Bug 2244623

Summary: [CDI] Metrics are missing default value
Product: Container Native Virtualization (CNV) Reporter: Aviv Litman <alitman>
Component: MetricsAssignee: Aviv Litman <alitman>
Status: CLOSED MIGRATED QA Contact: Ahmad <ahafe>
Severity: medium Docs Contact:
Priority: unspecified    
Version: 4.14.0CC: dbasunag, kmajcher, sradco, stirabos
Target Milestone: ---   
Target Release: 4.14.2   
Hardware: All   
OS: All   
Whiteboard:
Fixed In Version: Doc Type: Bug Fix
Doc Text:
Cause: no deafult value for some metrics Consequence: some metrics is not available on Prometheus UI if they have no value. Fix: Add default value to all metrics. Result: All metrics are available in Prometheus UI.
Story Points: ---
Clone Of: Environment:
Last Closed: 2023-12-05 13:41:36 UTC Type: Bug
Regression: --- Mount Type: ---
Documentation: --- CRM:
Verified Versions: Category: ---
oVirt Team: --- RHEL 7.3 requirements from Atomic Host:
Cloudforms Team: --- Target Upstream Version:
Embargoed:

Description Aviv Litman 2023-10-17 11:42:54 UTC
Description of problem:
Some CDI metrics missing a default value, so in case there is no value these metrics will not be available on Prometheus UI and therefore, a user can miss these metrics exists.

The metrics missing default values are:
kubevirt_cdi_clone_pods_high_restart
kubevirt_cdi_dataimportcron_outdated
kubevirt_cdi_import_pods_high_restart
kubevirt_cdi_upload_pods_high_restart
*this list might be longer

Version-Release number of selected component (if applicable):
4.14 but exists since lower versions.

How reproducible:
100%

Steps to Reproduce:
1. git clone git:kubevirt/containerized-data-importer.git
2. cd containerized-data-importe
3. docker login
4. export KUBEVIRT_DEPLOY_PROMETHEUS=true
5. make cluster-up
6. make cluster-sync

might not be needed:
7. sudo sysctl -w net.ipv4.ip_forward=1
8. sudo sysctl -w net.ipv4.conf.all.route_localnet=1
9. sudo iptables -t nat -A PREROUTING -p tcp --dport 9090 -j DNAT --to-destination 127.0.0.1:9090

10. ./cluster-up/kubectl.sh port-forward service/prometheus-k8s -n monitoring 9090:9090
11. login to http://localhost:9090/
12. see the metrics I mentioned are missing a value and not shown in the metrics list.

Actual results:
some CDI metrics is missing from the Prometheus UI if they have no value.

Expected results:
All CDI metrics is available and have values in the Prometheus UI.

Comment 1 Krzysztof Majcher 2023-10-17 12:45:35 UTC
Shirly, Debarati believes that this might be by design, can you please take a look and advise?

Comment 2 Shirly Radco 2023-11-13 09:36:24 UTC
From what I understand this is indeed a bug and we should report zero as the default value, which is generally a good practice.

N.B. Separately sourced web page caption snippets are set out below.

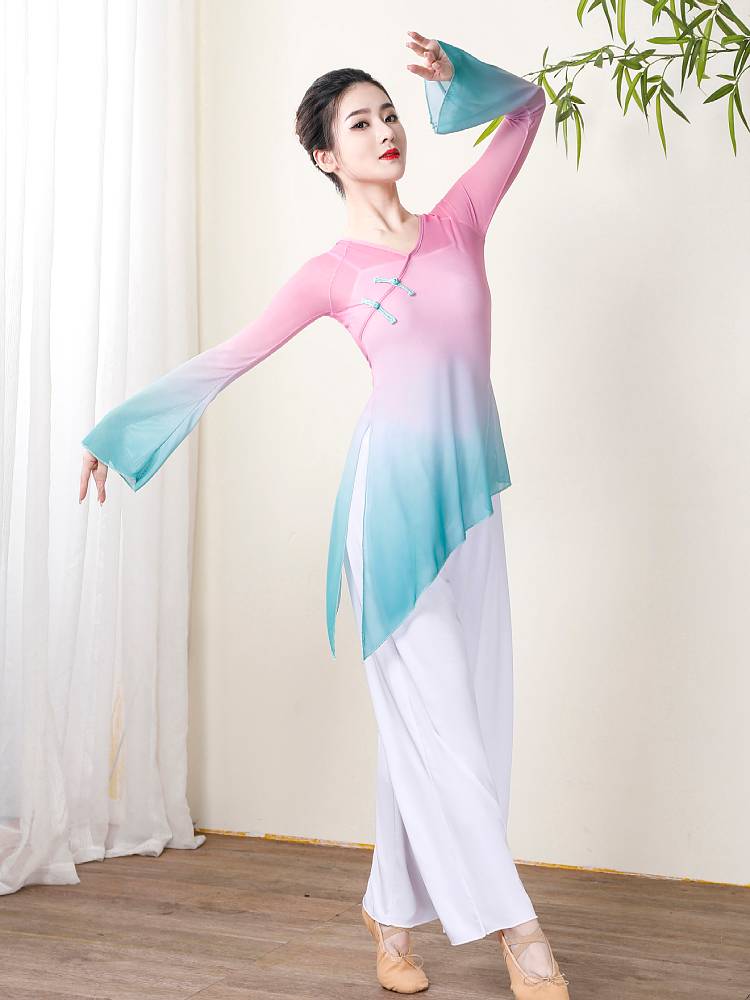 Classical dance clothing female elegant umbrella dance performance service gradient cardigan gauze dressing exercise ancient style Chinese dance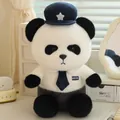 Adorable panda plush toy wearing a detailed police officer uniform with a hat - 15cm Pendant / White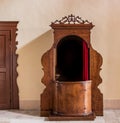 Old wooden confessional Royalty Free Stock Photo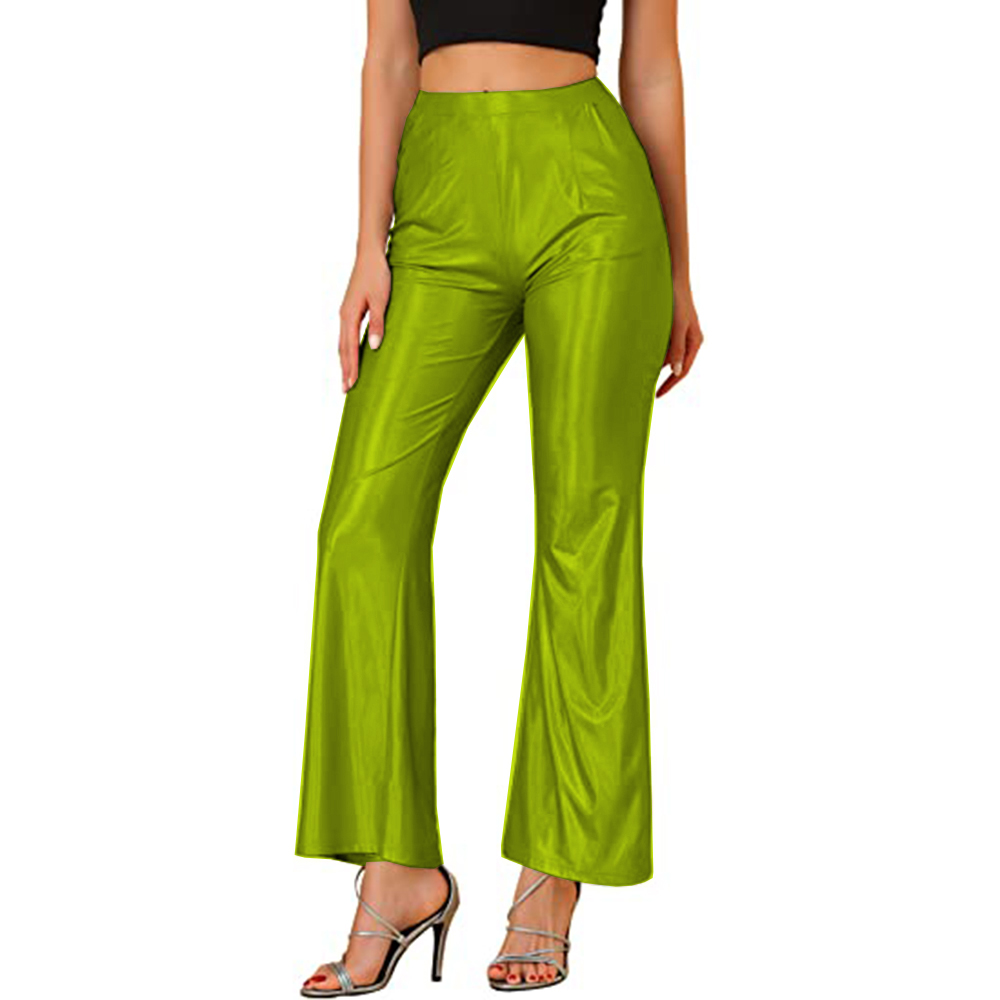 Dark Green Women's Bell Bottom High Waisted Faux Leather Pants Flare P –  Lookbook Store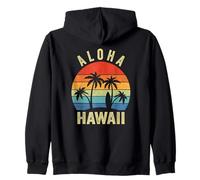 Ohana Means Family Hawaii Summer Palm Trees Beach Zip Hoodie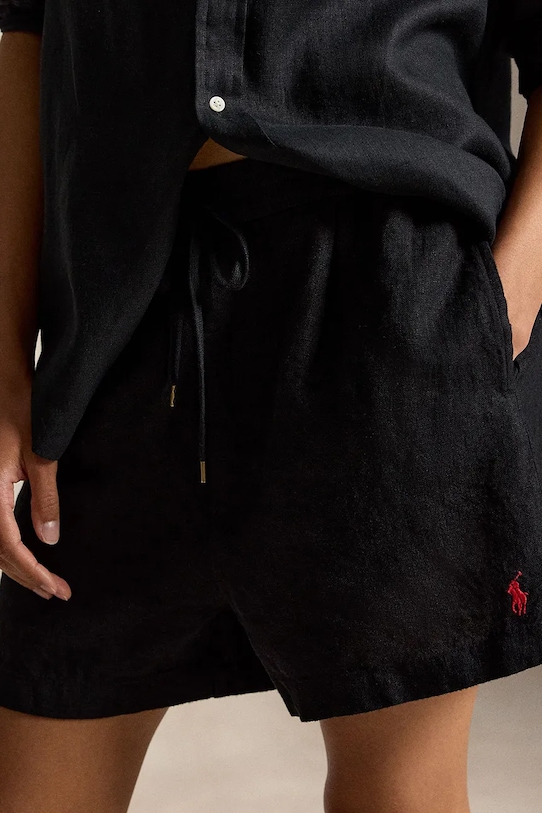 Polo Ralph Lauren LINEN-WVN-SHORTS szorty lniane damskie czarny 211A12950001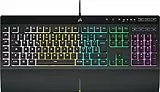 Corsair K55 RGB PRO Tastiera Gaming A Membrana Cablata, Retroilluminazione RGB, 6 Tasti Macro Con Integrazione Software Elgato, Resistente All'infiltrazione Di Polvere E Liquidi, QWERTY, Nero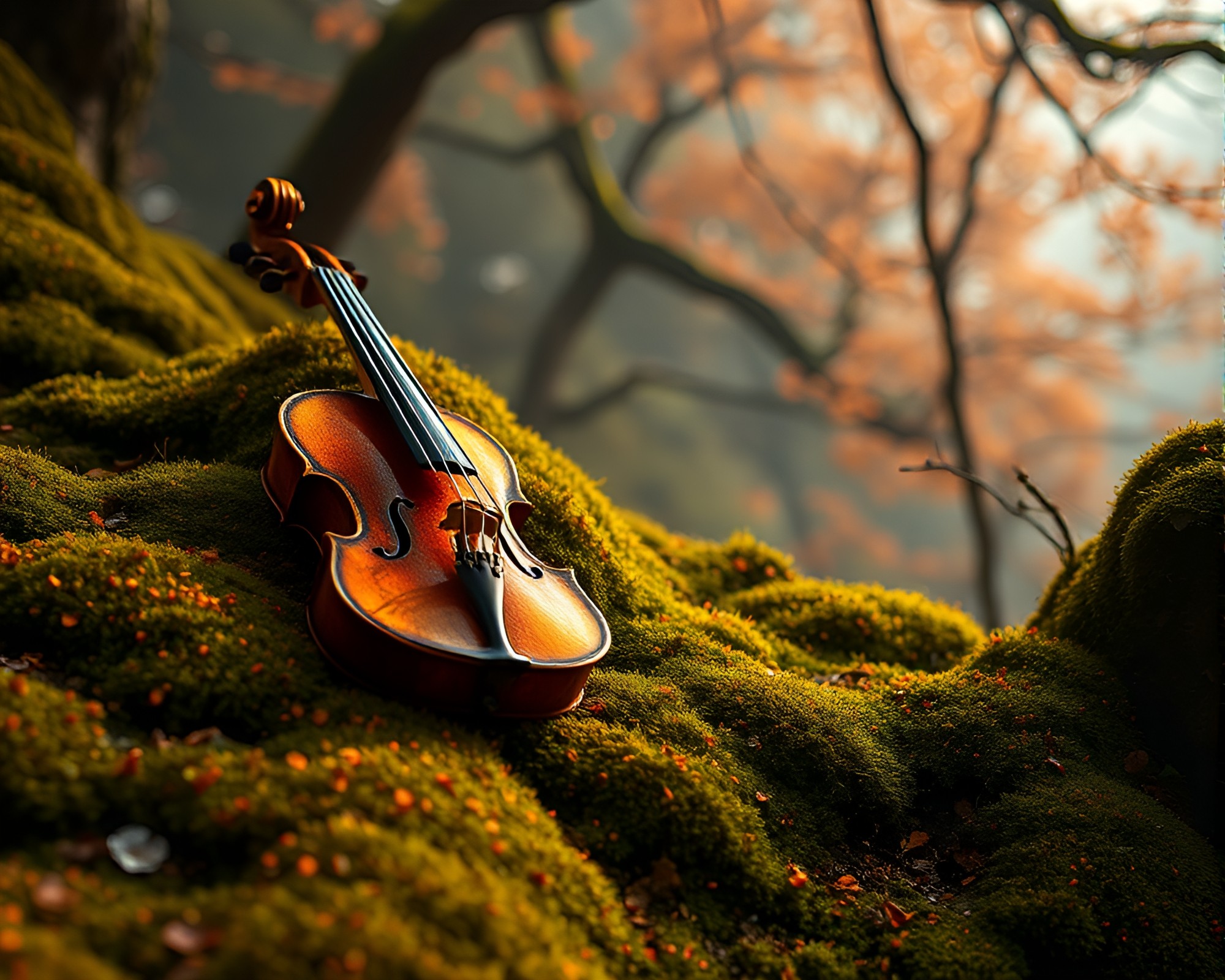 Moss-covered violin in utopian burnt orange world – free AI stock image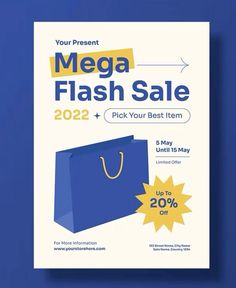 a flyer for a mega flash sale with a blue shopping bag on the front and yellow stars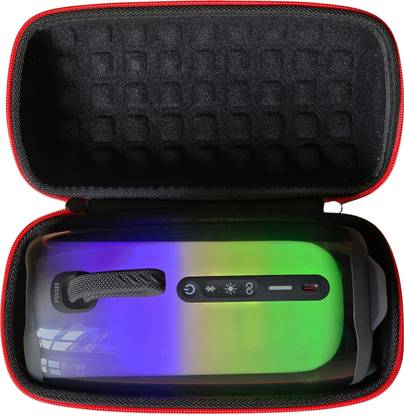 Techzere Speaker Case Cover for EVA Case Compatible with JBL Pulse 5 Bluetooth Speaker, Black & Red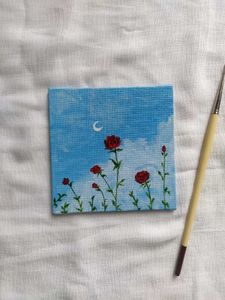 mini Rose Sky Canvas Painting🌹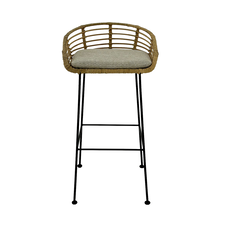 Chaise de bar Pevita en rotin et métal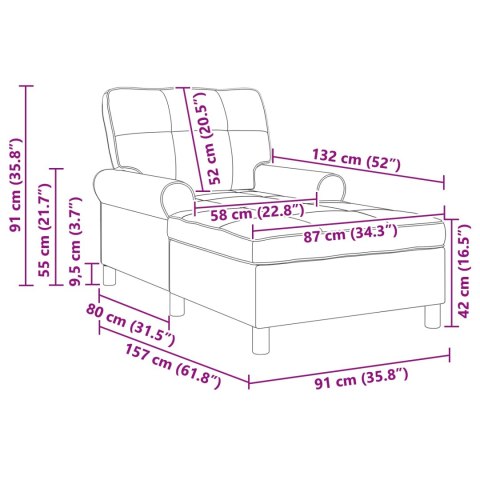 LEŻANKA CZARNA EKO-SKÓRA ANTYCZNA CHAISE LOUNGE SZEZLONG RELAKS SALON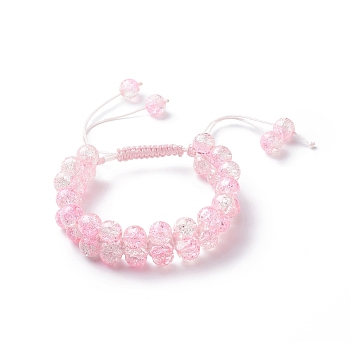 Bling Round Glass Braided Bead Bracelet, Double Layer Adjustable Bracelet for Women, Pink, Inner Diameter: 2~3-3/4 inch(5.1~9.6cm)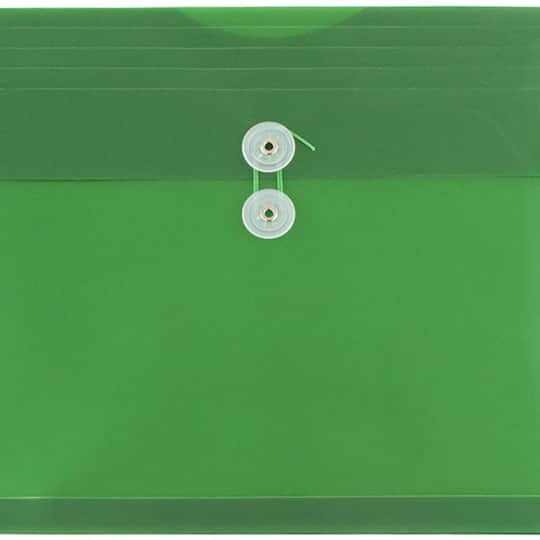 JAM Paper Booklet Plastic Envelopes with Button and String Closure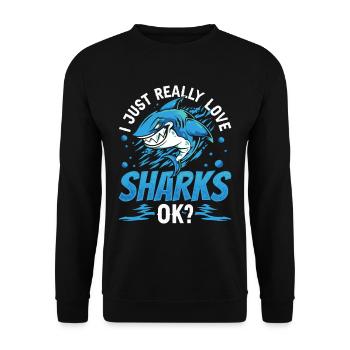 J’aime les requins vraiment ok requin requin dent de requin - Sweat-shirt Unisexe - noir - Devant - Alina (178cm) & Michal (187cm)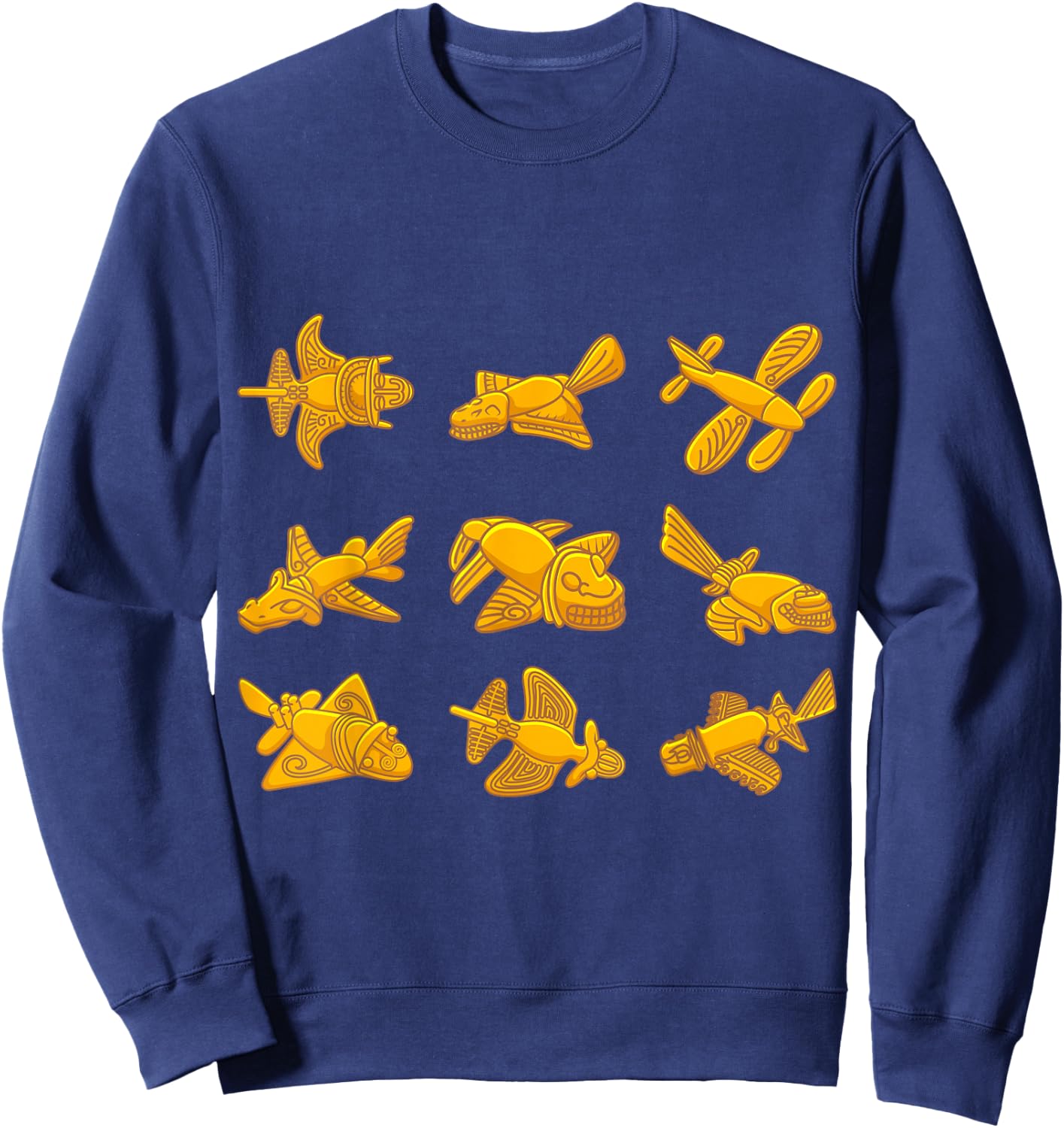 QUIMBAYA PLANE Ancient Alien Theory Quimbaya Artifact Sweatshirt - Sweatshirt | Navy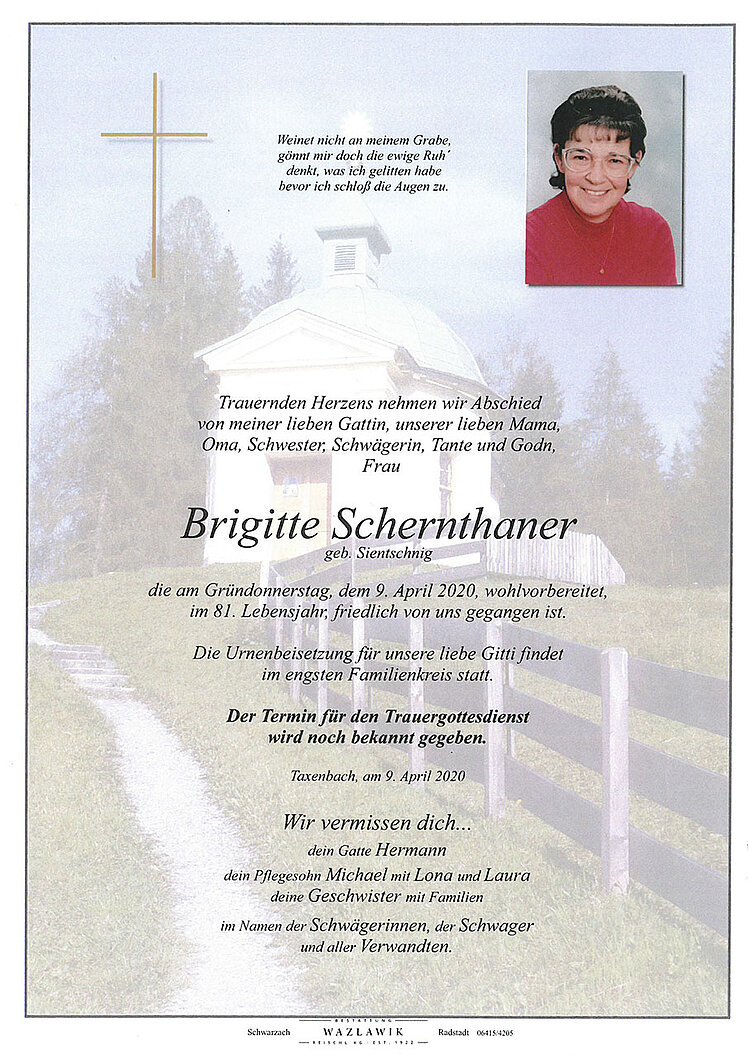 Parte von Brigitte Schernthaner † 09.04.2020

Reporting zero as a default accurately reflects the state of the system when it has not experienced any restarts.
This is a clear and unambiguous way to indicate that there have been no restarts up to that point.

Prometheus works best with continuous time series data. Having a consistent metric (like a restart count starting at zero and incrementing) makes it easier to write queries and create meaningful visualizations.
It helps in understanding trends over time and detecting anomalies.

When we have a consistent baseline (zero in this case), it becomes easier to set up alerts. For example, we might want to be alerted when the restart count exceeds a certain threshold. If the metric is always present, it's simpler to define these alerts.
If we don't report anything until a restart occurs, we might not be able to easily differentiate between a lack of data (due to issues like collection problems or system down) and a situation where there simply haven't been any restarts. Reporting zero eliminates this ambiguity.